--- Material shown ---
================================

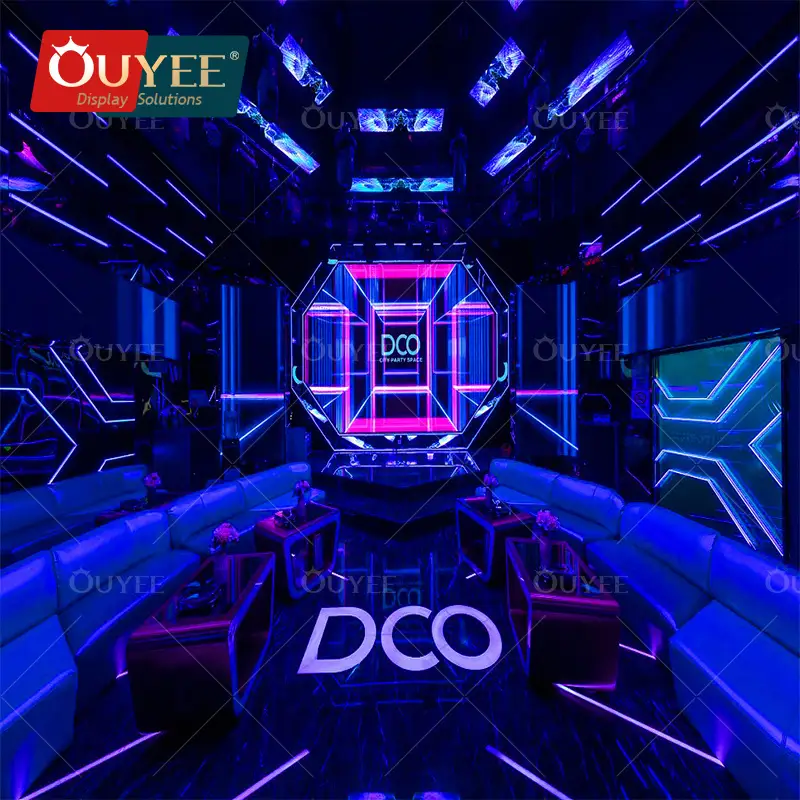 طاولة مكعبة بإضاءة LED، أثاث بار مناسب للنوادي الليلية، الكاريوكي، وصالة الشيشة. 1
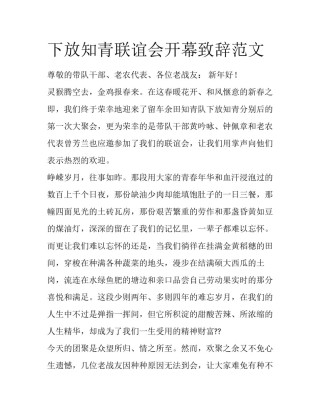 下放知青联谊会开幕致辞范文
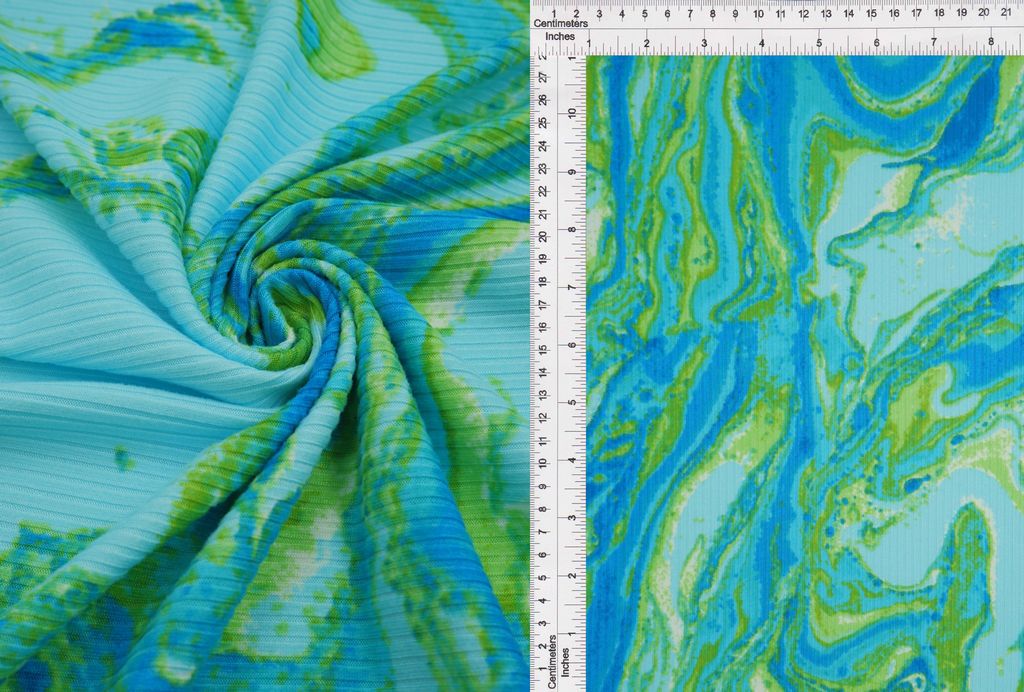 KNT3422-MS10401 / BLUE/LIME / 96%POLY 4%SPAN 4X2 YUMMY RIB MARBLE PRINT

================================

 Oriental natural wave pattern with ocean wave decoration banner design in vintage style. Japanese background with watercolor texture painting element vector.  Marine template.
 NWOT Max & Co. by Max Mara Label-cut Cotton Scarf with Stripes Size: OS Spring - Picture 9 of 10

================================

--- Problem statement ---
Wherever the string "with" appears in the data above, copy the line it sits in.

--- Response ---
 Oriental natural wave pattern with ocean wave decoration banner design in vintage style. Japanese background with watercolor texture painting element vector.  Marine template.
 NWOT Max & Co. by Max Mara Label-cut Cotton Scarf with Stripes Size: OS Spring - Picture 9 of 10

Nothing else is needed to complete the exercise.